● Work request
For this exercise, write out only the lines of the entries below from the one with "Экран стола 180" up to and including the one with "Pat Riley responds", exactly as they are. Pictures stay out.

● Provided records
•••

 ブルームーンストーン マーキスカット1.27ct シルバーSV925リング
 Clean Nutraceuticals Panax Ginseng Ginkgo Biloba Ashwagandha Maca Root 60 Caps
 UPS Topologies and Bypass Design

•••

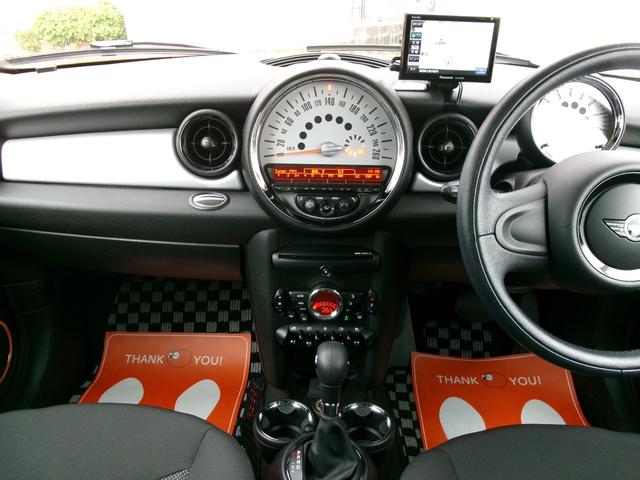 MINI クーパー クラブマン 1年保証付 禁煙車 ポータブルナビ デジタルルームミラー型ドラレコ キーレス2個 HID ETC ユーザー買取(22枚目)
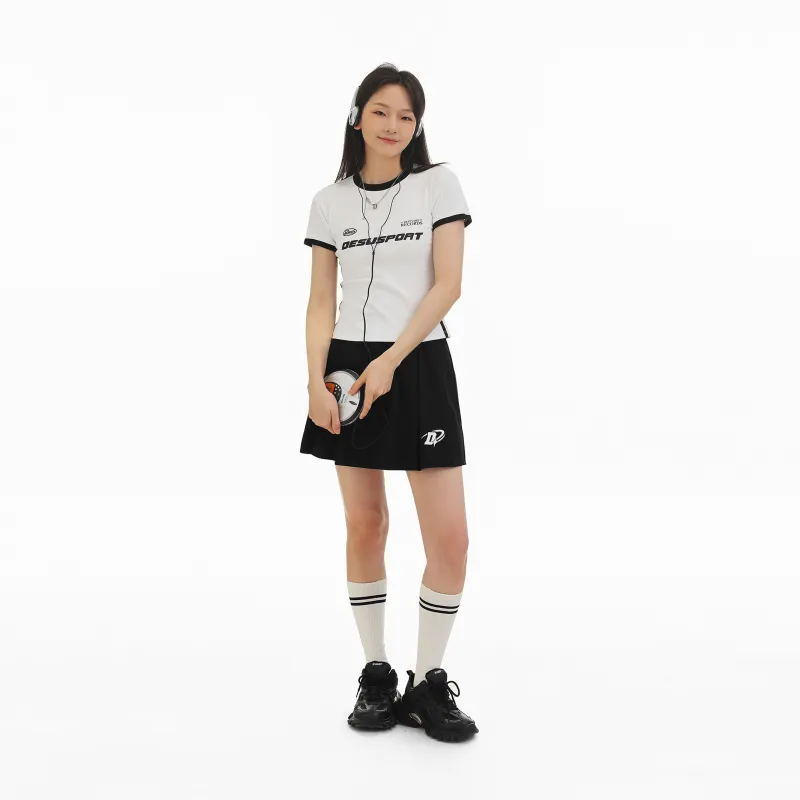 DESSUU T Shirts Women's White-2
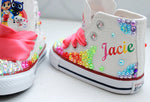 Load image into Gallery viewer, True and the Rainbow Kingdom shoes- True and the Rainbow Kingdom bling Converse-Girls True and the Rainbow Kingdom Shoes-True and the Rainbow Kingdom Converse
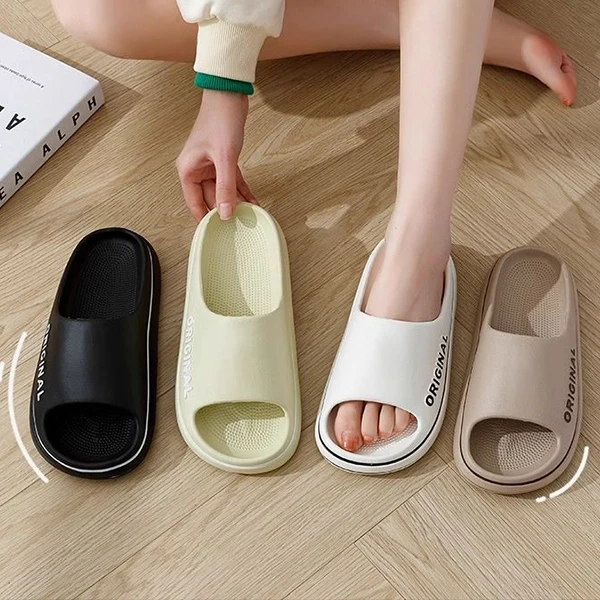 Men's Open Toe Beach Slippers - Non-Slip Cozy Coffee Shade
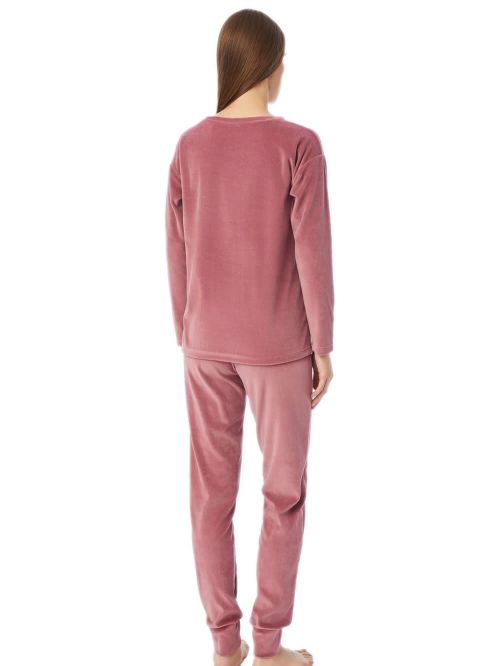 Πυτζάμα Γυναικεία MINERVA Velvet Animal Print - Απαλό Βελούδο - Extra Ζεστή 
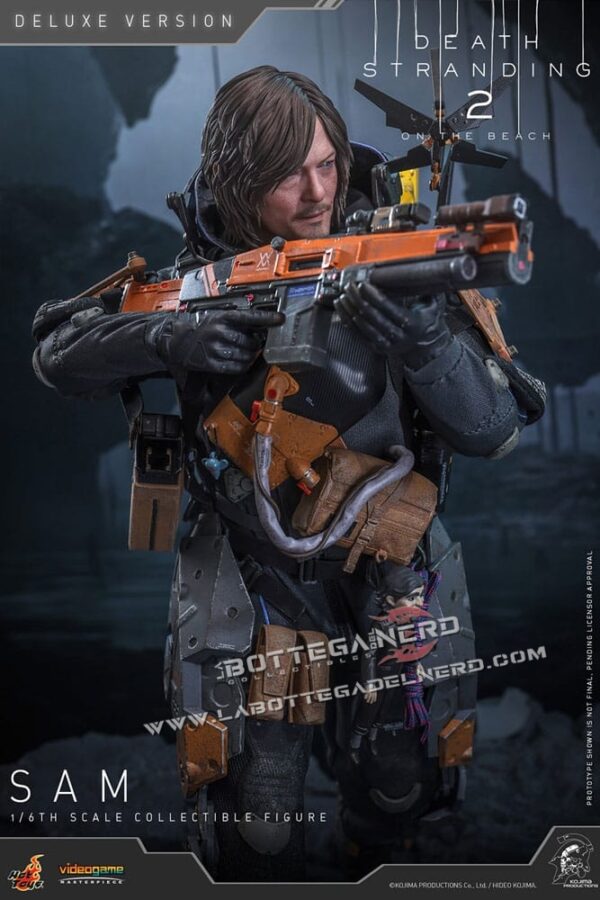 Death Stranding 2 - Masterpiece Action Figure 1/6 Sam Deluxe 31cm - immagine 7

•••

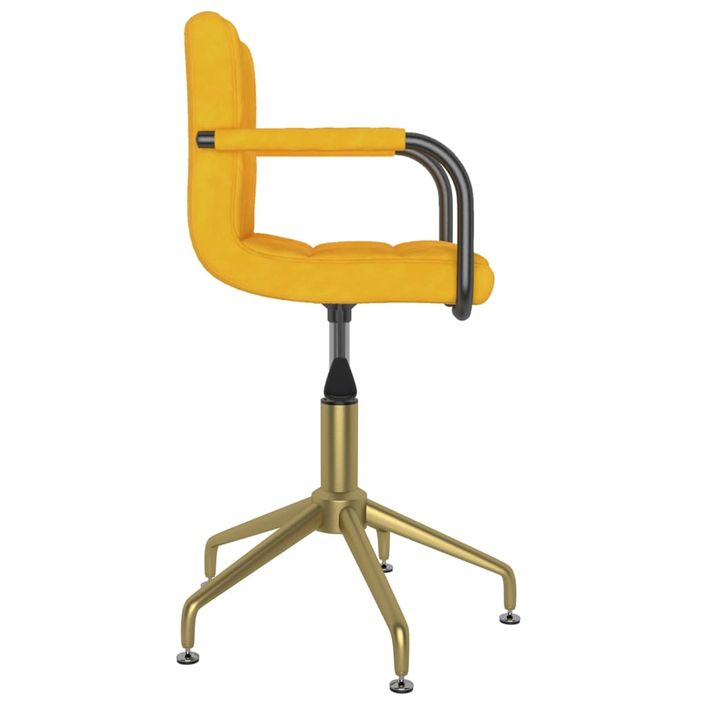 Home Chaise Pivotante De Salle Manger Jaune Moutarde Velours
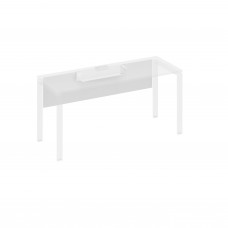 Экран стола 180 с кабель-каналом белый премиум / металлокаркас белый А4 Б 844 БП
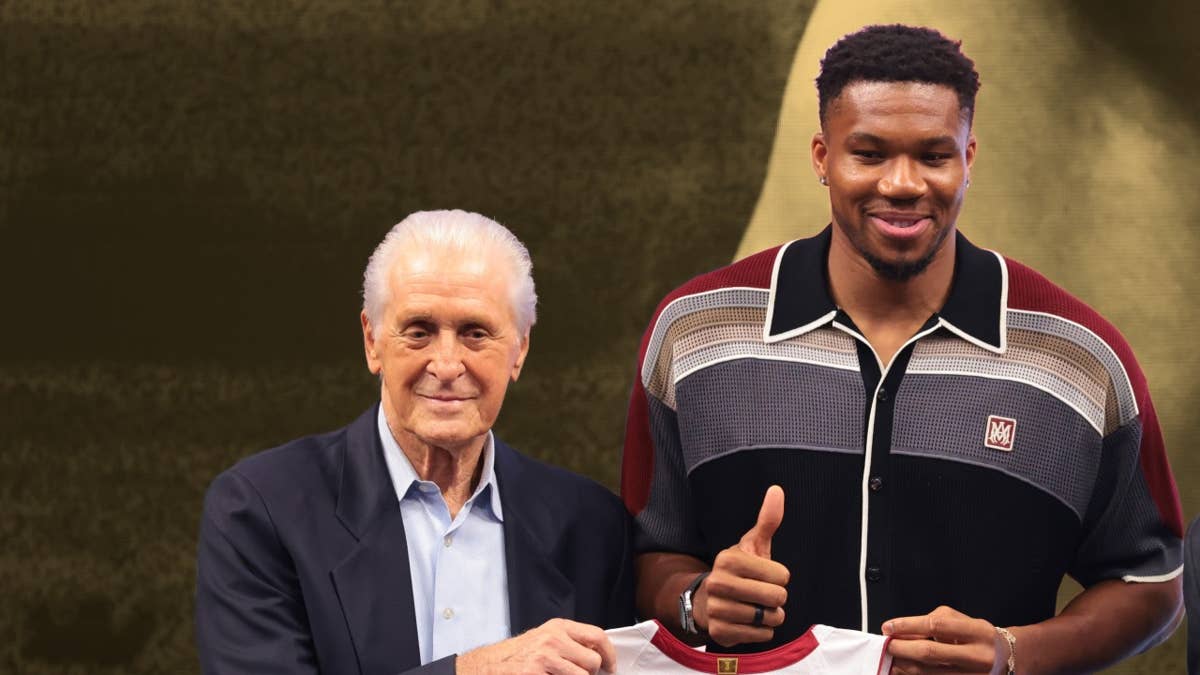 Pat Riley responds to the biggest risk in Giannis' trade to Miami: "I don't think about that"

•••

● Result below
 Экран стола 180 с кабель-каналом белый премиум / металлокаркас белый А4 Б 844 БП
 Pat Riley responds to the biggest risk in Giannis' trade to Miami: "I don't think about that"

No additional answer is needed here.